City of London's grisly decapitated skull mystery solved using state-of-the-art forensic techniques
Archaeologists are thrilled at the blood-thirsty findings
Nick Clark is the arts correspondent of The Independent. He joined the newspaper in June 2007, initially reporting on the stock markets. He has covered beats including the City, and technology, media and telecoms and made the switch to arts in December 2011. He has also contributed articles to the sports section.
Tuesday 14 January 2014
Just over a quarter of a century ago, 39 skulls and a single leg bone were discovered at the London Wall, right in the heart of the City. With state-of-the-art forensic techniques, the mystery of the heads may have been solved – and the blood-thirsty findings have thrilled archaeologists.
The skulls are believed to have been the victims of Roman soldiers’ practice of “headhunting” – removing the body from the head of enemies as trophies – or even gladiatorial combat, the first discovered in the capital.
“This discovery is hugely exciting,” said Rebecca Redfern, from the Centre for Human Bioarchaeology at the Museum of London. “These remains are completely different from everything else we’ve ever found in Roman London. The levels of violence and the types of violence are very different to what we’ve seen.”
When discovered, the archaeologists thought the skulls may have originated from human remains washed out of burial sites by the Walbrook, one of the area’s lost rivers.
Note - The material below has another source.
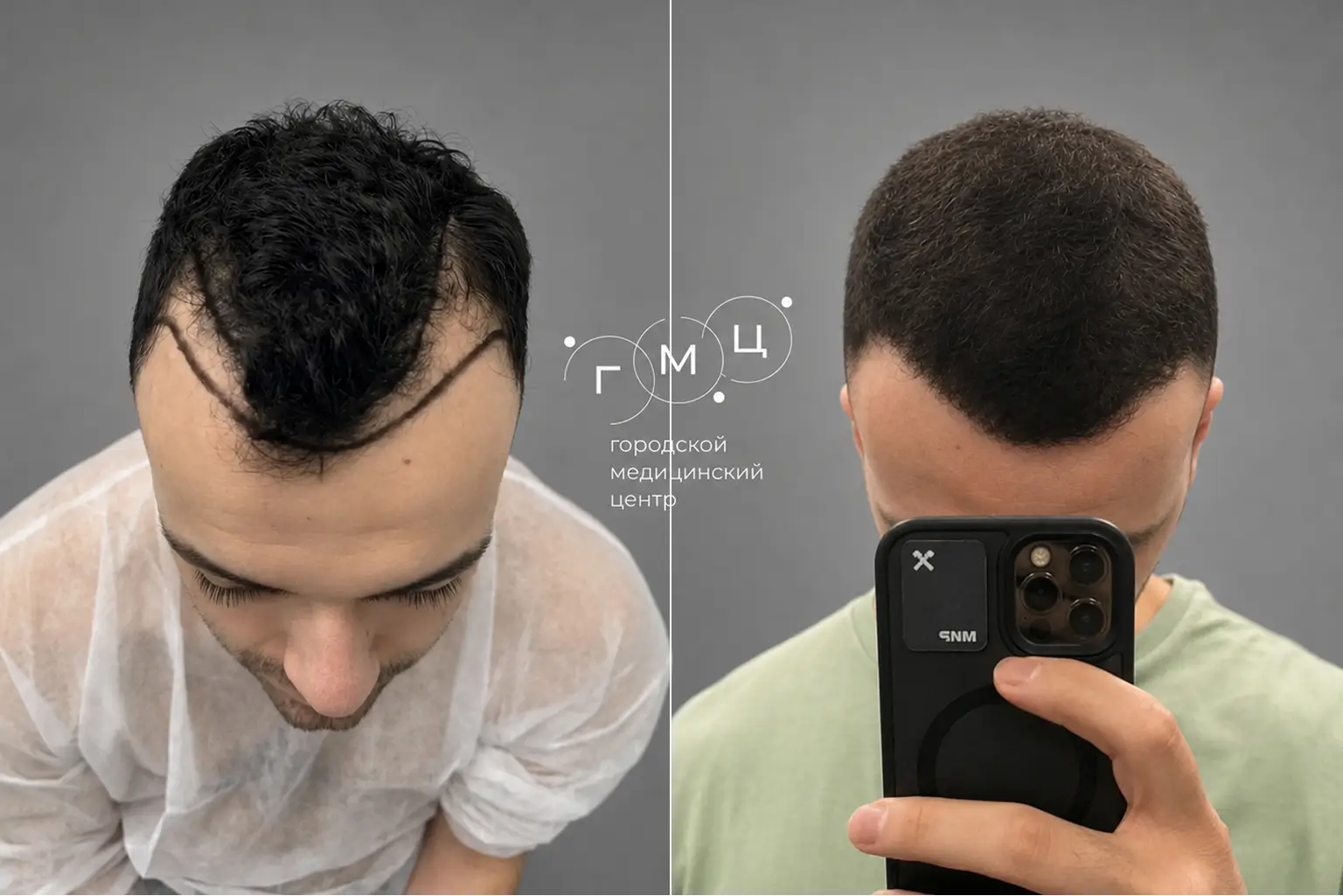Scalp hair transplant: photo before and 12 months later, 3300 grafts, FUE method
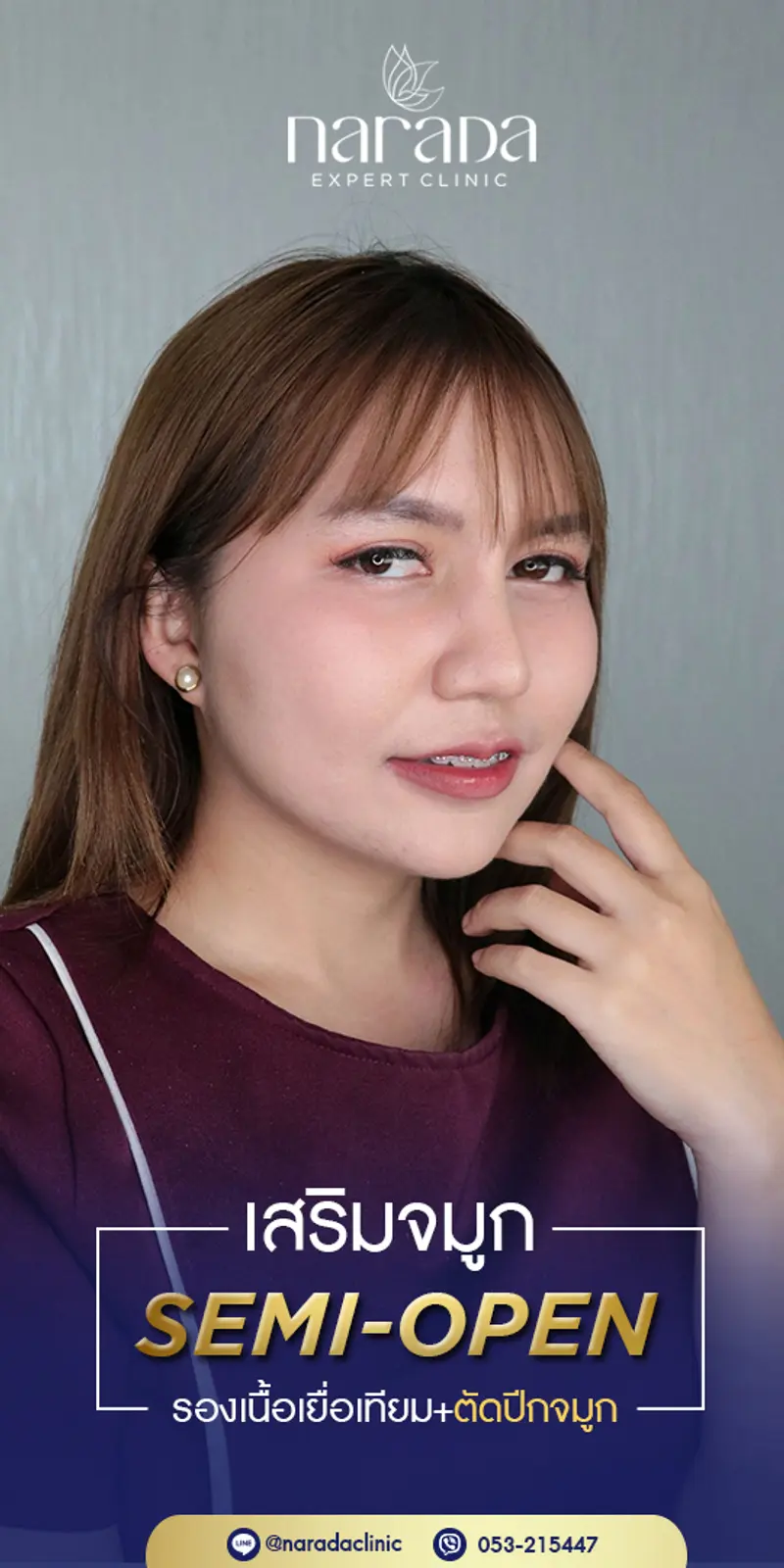 เสริมจมูก Semi-Open รองเนื้อเยื่อเทียม+ตักปีกจมูก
Dr Redfern said: “Techniques have moved on in the past 30 years, so we often go back to our collection to establish new information.”
These techniques revealed the skulls had almost certainly all been victims of violence and some of the heads had clearly been decapitated. One in the group has even had part of its jawbone sliced off. “The level of violence here exceeds the level needed to kill someone,” Dr Redfern added.
The whereabouts of the rest of the bodies is unknown, and archaeologists said they will next attempt to track where the skulls came from.
The full findings will be published this week in the Journal of Archaeological Science. Dr Redfern said: “It’s utterly, utterly amazing. We don’t have evidence for this type of thing in Roman London.”
The heads, which have been in storage at the Museum of London, are dated to between 120 AD and 160AD. They are believed to have been thrown into an open pit, close to where work and commerce was going on in the city. There is even evidence that a dog gnawed one of the heads.
The Roman practice of headhunting was documented elsewhere around Britain, often in the north of England near the borders of Scotland. Roman soldiers’ tombstones were carved with images of legionaries holding up barbarian heads. Such images are also carved into Trajan’s Column.
Experts believe some of the heads were those of Scottish barbarians. Dr Redfern said: “They could have been brought to London, killed and had their heads put on display.”
Another theory to explain the levels of violence inflicted on the skulls was gladiatorial battles, Dr Redfern said, although she stressed that the findings were not definitive.
“It was predominantly cranial material of men from 26 to 35 years old and they had sustained massive amounts of trauma,” she said.
Some of the skulls had evidence of healed wounds, suggesting violence was a common feature of their lives. While it is likely that gladiators fought in London, no evidence thus far been found.